DESCRIPTION OF THE TASK. Your answer is the lines below, exactly, from the one that contains "Abbildung zur Aufgabe 438074" through the one that contains "Toronto Raptors", both included.

RECORDS TO PROCESS.
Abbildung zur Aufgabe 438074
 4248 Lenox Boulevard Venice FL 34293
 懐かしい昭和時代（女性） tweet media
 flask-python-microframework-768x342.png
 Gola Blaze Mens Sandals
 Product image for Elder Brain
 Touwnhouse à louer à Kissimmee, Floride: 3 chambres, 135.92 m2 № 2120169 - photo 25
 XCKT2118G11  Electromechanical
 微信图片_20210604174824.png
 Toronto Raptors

---

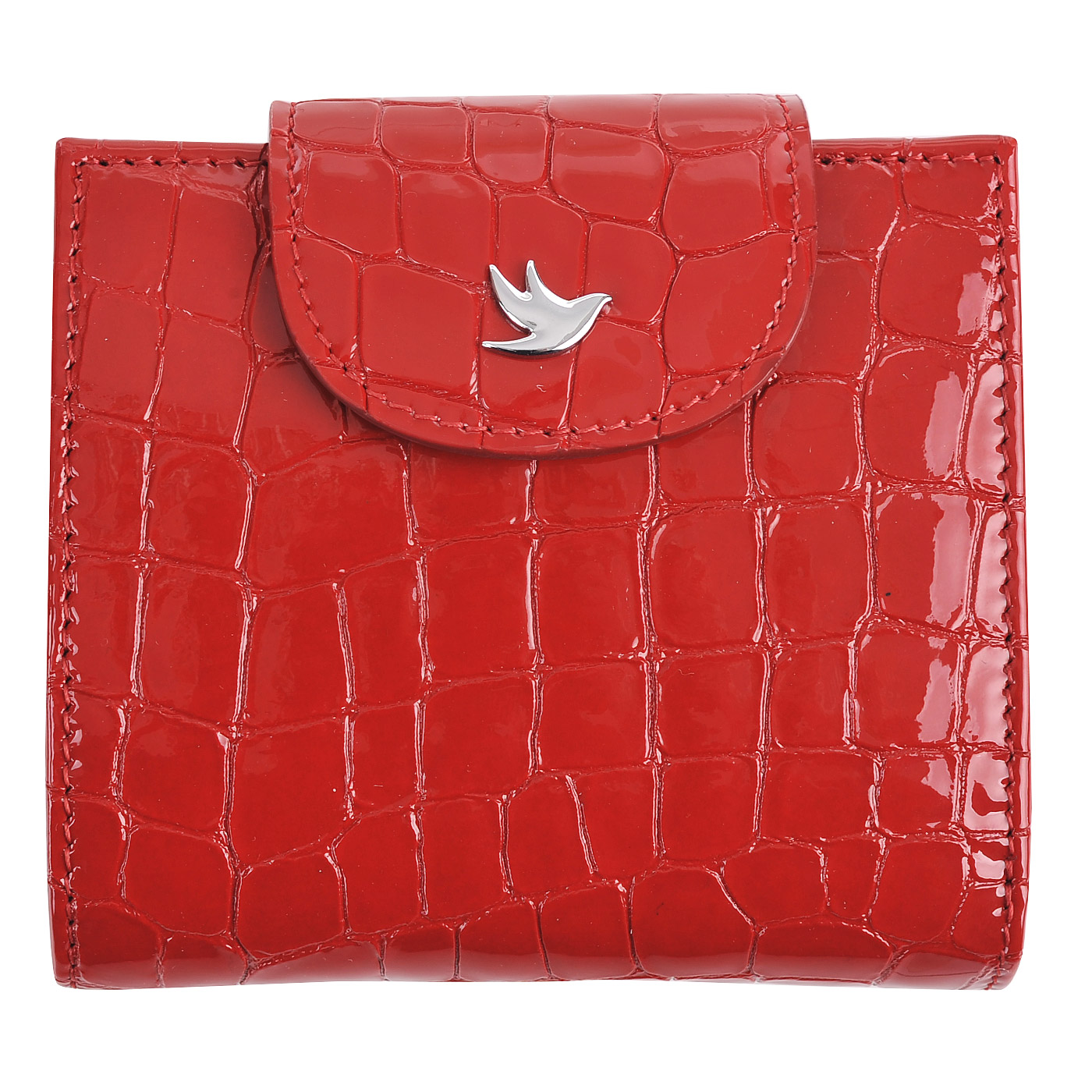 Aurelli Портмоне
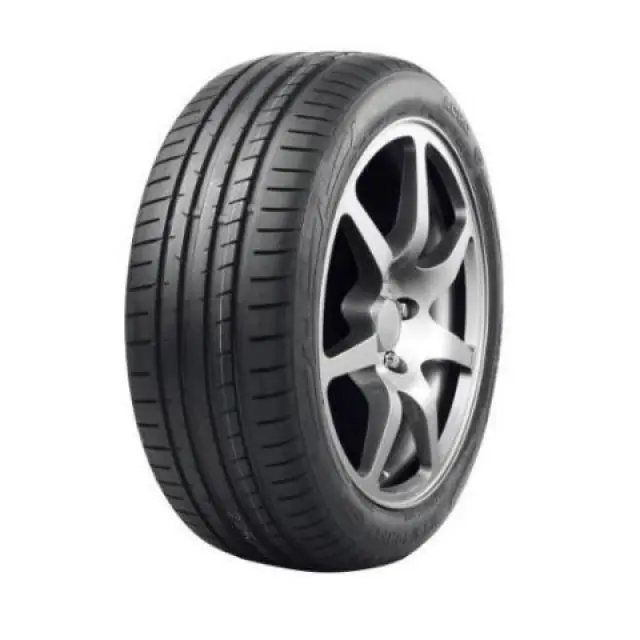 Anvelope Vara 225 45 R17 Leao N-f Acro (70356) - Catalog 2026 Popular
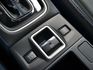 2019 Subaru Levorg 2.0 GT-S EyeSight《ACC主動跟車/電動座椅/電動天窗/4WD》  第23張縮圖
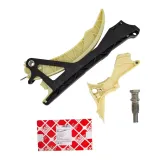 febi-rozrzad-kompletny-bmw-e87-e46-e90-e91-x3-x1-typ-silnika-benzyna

RESULT.
Abbildung zur Aufgabe 438074
 4248 Lenox Boulevard Venice FL 34293
 懐かしい昭和時代（女性） tweet media
 flask-python-microframework-768x342.png
 Gola Blaze Mens Sandals
 Product image for Elder Brain
 Touwnhouse à louer à Kissimmee, Floride: 3 chambres, 135.92 m2 № 2120169 - photo 25
 XCKT2118G11  Electromechanical
 微信图片_20210604174824.png
 Toronto Raptors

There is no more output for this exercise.